Tais situações processuais não constituem, deveras, um numerus clausus; todavia não se pode deixar ao arbítrio do julgador um critério tão elástico que possa desnaturar, através de uma análise casuística, o seguro de vida e suas formas adjacentes como é caso do seguro de pessoas e o pecúlio operado pelas empresas de previdência privada.

Em comentários, um dos primeiros a Lei de Previdência Privada, no que concerne ao artigo 36 (Lei Complementar 109, de 29 de maio de 2001), disse na parte inicial:

“ A única hipótese legal de constituição das entidades abertas será o rótulo de sociedade anônima, que operará sob a forma de renda continuada (obrigação de trato sucessivo) ou pagamento único, conhecido ainda pela lei anterior como pecúlio, segundo diz este dispositivo legal em seu caput.

Da mesma sorte, as sociedades seguradoras que operam no ramo vida, e só estas, poderão operar debaixo do regime jurídico acima identificado, tal como prevê esse parágrafo único”. Voltaire Marensi. A nova Lei da Previdência Complementar Comentada. Síntese Editora, outubro de 2001, página 42.

Nesta toada o legislador processual ao dizer lato senso que o seguro de vida é impenhorável abarcou os decorrentes da previdência privada, já que “longe de evidenciar natureza e objetivo distintos, em verdade guardam estreita semelhança, sobretudo no que se refere à finalidade de sua indenização, motivo pelo qual é inafastável, tanto para um quanto para o outro, a impenhorabilidade ditada pela lei processual – ubi eadem ratio ibi eadem dispositio”. Voto do relator Ministro Antonio Carlos Ferreira no Resp nº1.412.272, em 23 de março de 2021.

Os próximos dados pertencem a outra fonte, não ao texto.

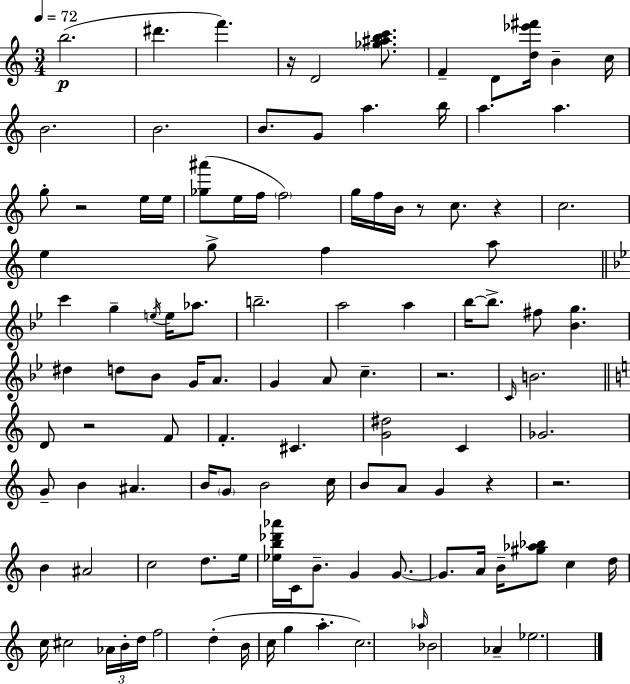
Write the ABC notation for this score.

X:1
T:Untitled
M:3/4
L:1/4
K:C
b2 ^d' f' z/4 D2 [_g^abc']/2 F D/2 [d_e'^f']/4 B c/4 B2 B2 B/2 G/2 a b/4 a a g/2 z2 e/4 e/4 [_g^a']/2 e/4 f/4 f2 g/4 f/4 B/4 z/2 c/2 z c2 e g/2 f a/2 c' g e/4 e/4 _a/2 b2 a2 a _b/4 _b/2 ^f/2 [_Bg] ^d d/2 _B/2 G/4 A/2 G A/2 c z2 C/4 B2 D/2 z2 F/2 F ^C [G^d]2 C _G2 G/2 B ^A B/4 G/2 B2 c/4 B/2 A/2 G z z2 B ^A2 c2 d/2 e/4 [_eb_d'_a']/4 C/4 B/2 G G/2 G/2 A/4 B/4 [^g_a_b]/2 c d/4 c/4 ^c2 _A/4 B/4 d/4 f2 d B/4 c/4 g a c2 _a/4 _B2 _A _e2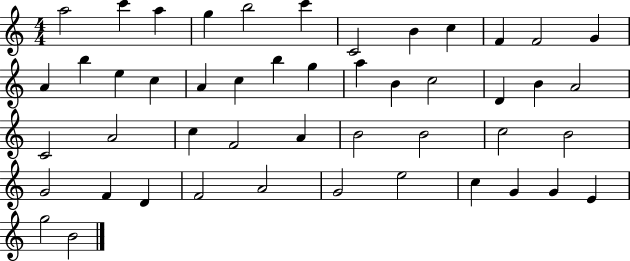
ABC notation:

X:1
T:Untitled
M:4/4
L:1/4
K:C
a2 c' a g b2 c' C2 B c F F2 G A b e c A c b g a B c2 D B A2 C2 A2 c F2 A B2 B2 c2 B2 G2 F D F2 A2 G2 e2 c G G E g2 B2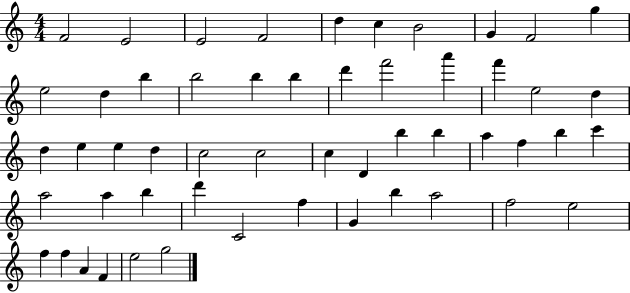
X:1
T:Untitled
M:4/4
L:1/4
K:C
F2 E2 E2 F2 d c B2 G F2 g e2 d b b2 b b d' f'2 a' f' e2 d d e e d c2 c2 c D b b a f b c' a2 a b d' C2 f G b a2 f2 e2 f f A F e2 g2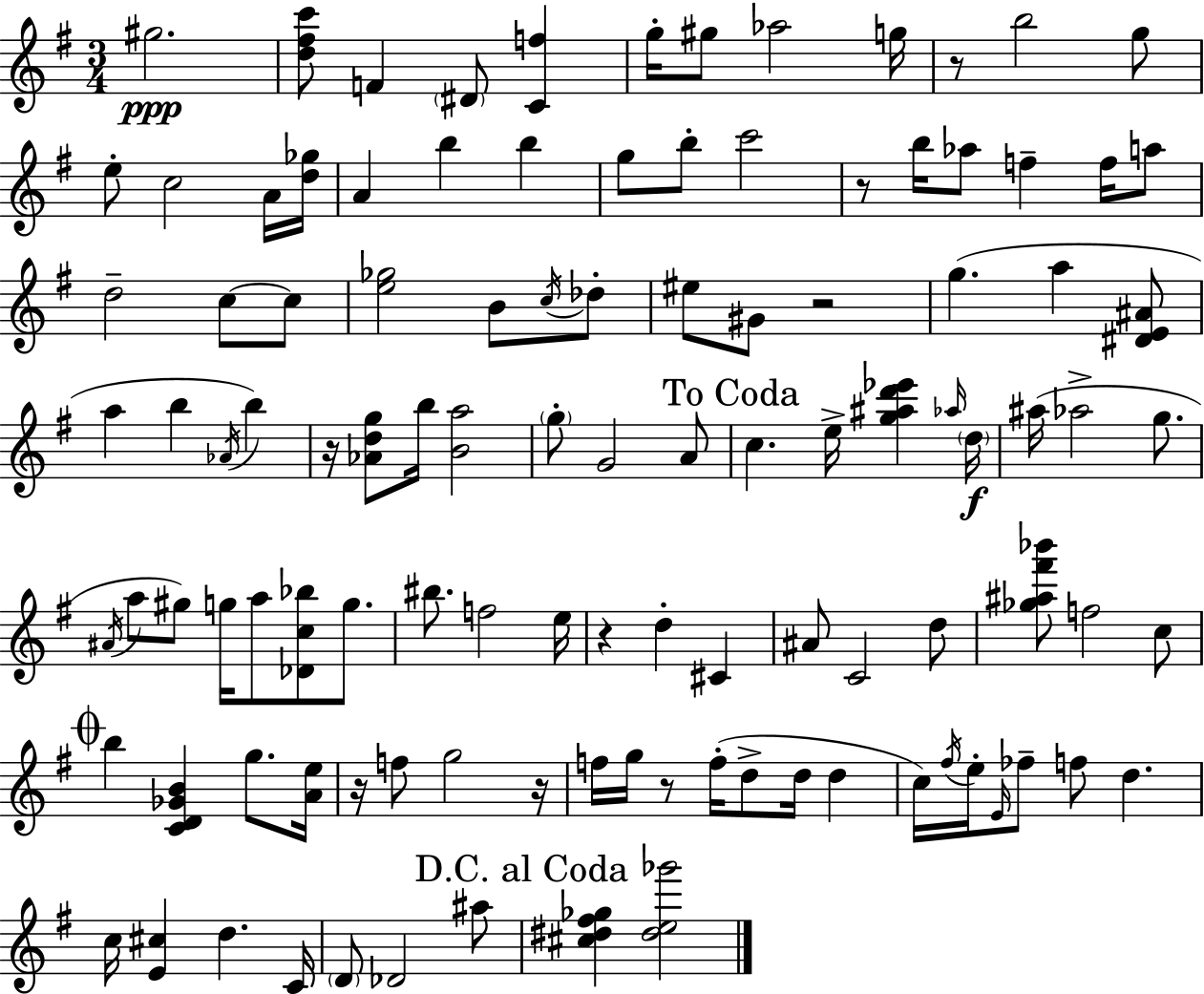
{
  \clef treble
  \numericTimeSignature
  \time 3/4
  \key g \major
  gis''2.\ppp | <d'' fis'' c'''>8 f'4 \parenthesize dis'8 <c' f''>4 | g''16-. gis''8 aes''2 g''16 | r8 b''2 g''8 | \break e''8-. c''2 a'16 <d'' ges''>16 | a'4 b''4 b''4 | g''8 b''8-. c'''2 | r8 b''16 aes''8 f''4-- f''16 a''8 | \break d''2-- c''8~~ c''8 | <e'' ges''>2 b'8 \acciaccatura { c''16 } des''8-. | eis''8 gis'8 r2 | g''4.( a''4 <dis' e' ais'>8 | \break a''4 b''4 \acciaccatura { aes'16 }) b''4 | r16 <aes' d'' g''>8 b''16 <b' a''>2 | \parenthesize g''8-. g'2 | a'8 \mark "To Coda" c''4. e''16-> <g'' ais'' d''' ees'''>4 | \break \grace { aes''16 }\f \parenthesize d''16 ais''16( aes''2-> | g''8. \acciaccatura { ais'16 } a''8 gis''8) g''16 a''8 <des' c'' bes''>8 | g''8. bis''8. f''2 | e''16 r4 d''4-. | \break cis'4 ais'8 c'2 | d''8 <ges'' ais'' fis''' bes'''>8 f''2 | c''8 \mark \markup { \musicglyph "scripts.coda" } b''4 <c' d' ges' b'>4 | g''8. <a' e''>16 r16 f''8 g''2 | \break r16 f''16 g''16 r8 f''16-.( d''8-> d''16 | d''4 c''16) \acciaccatura { fis''16 } e''16-. \grace { e'16 } fes''8-- f''8 | d''4. c''16 <e' cis''>4 d''4. | c'16 \parenthesize d'8 des'2 | \break ais''8 \mark "D.C. al Coda" <cis'' dis'' fis'' ges''>4 <dis'' e'' ges'''>2 | \bar "|."
}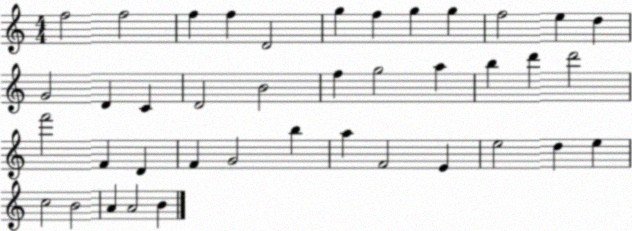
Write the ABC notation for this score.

X:1
T:Untitled
M:4/4
L:1/4
K:C
f2 f2 f f D2 g f g g f2 e d G2 D C D2 B2 f g2 a b d' d'2 f'2 F D F G2 b a F2 E e2 d e c2 B2 A A2 B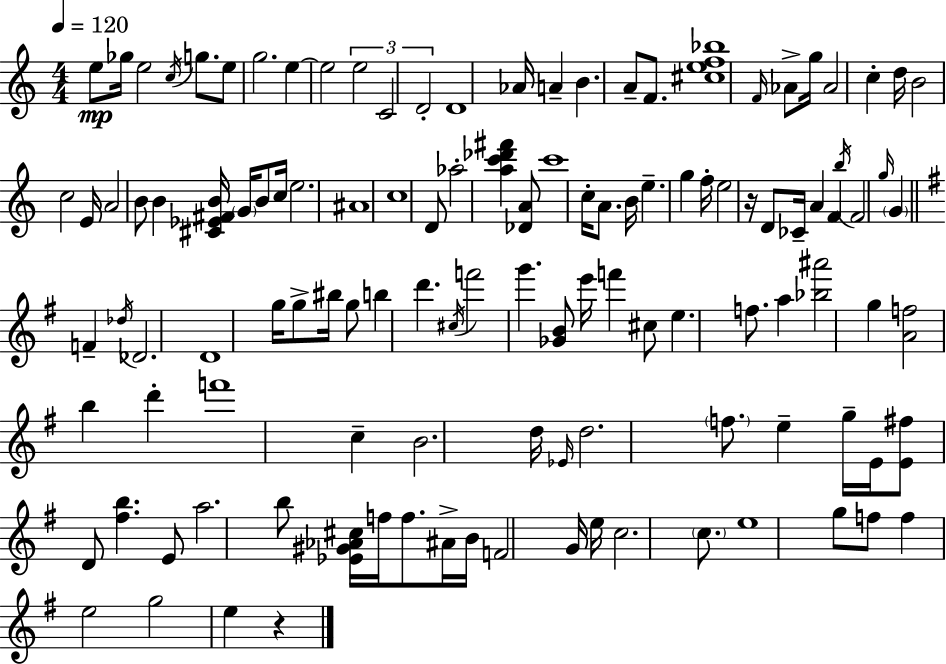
E5/e Gb5/s E5/h C5/s G5/e. E5/e G5/h. E5/q E5/h E5/h C4/h D4/h D4/w Ab4/s A4/q B4/q. A4/e F4/e. [C#5,E5,F5,Bb5]/w F4/s Ab4/e G5/s Ab4/h C5/q D5/s B4/h C5/h E4/s A4/h B4/e B4/q [C#4,Eb4,F#4,B4]/s G4/s B4/e C5/s E5/h. A#4/w C5/w D4/e Ab5/h [A5,C6,Db6,F#6]/q [Db4,A4]/e C6/w C5/s A4/e. B4/s E5/q. G5/q F5/s E5/h R/s D4/e CES4/s A4/q F4/q B5/s F4/h G5/s G4/q F4/q Db5/s Db4/h. D4/w G5/s G5/e BIS5/s G5/e B5/q D6/q. C#5/s F6/h G6/q. [Gb4,B4]/e E6/s F6/q C#5/e E5/q. F5/e. A5/q [Bb5,A#6]/h G5/q [A4,F5]/h B5/q D6/q F6/w C5/q B4/h. D5/s Eb4/s D5/h. F5/e. E5/q G5/s E4/s [E4,F#5]/e D4/e [F#5,B5]/q. E4/e A5/h. B5/e [Eb4,G#4,Ab4,C#5]/s F5/s F5/e. A#4/s B4/s F4/h G4/s E5/s C5/h. C5/e. E5/w G5/e F5/e F5/q E5/h G5/h E5/q R/q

Destarte, deixar ao inteiro arbítrio do julgador quando será o caso de penhorar um seguro de vida, uma renda continuada ou o pagamento de um pecúlio, além de trazer uma enorme insegurança jurídica aos que dele se beneficiam – vejam já é o caso da tributação por ocasião do resgate dos planos da previdência privada e no momento do acerto com o “Leão” – indubitavelmente, sem sombra de dúvida, vai arranhar o arcabouço de um nicho de mercado que contam todos aqueles que procuram neste segmento quer uma proteção para seus familiares, quer uma segurança para melhor garantir seu futuro.

Os casuísmos, data vênia, nunca combinaram com os métodos de coerência e acerto que só se consegue e vinga com uma legislação escorreita e de boa aplicação a todos os que dela se valem.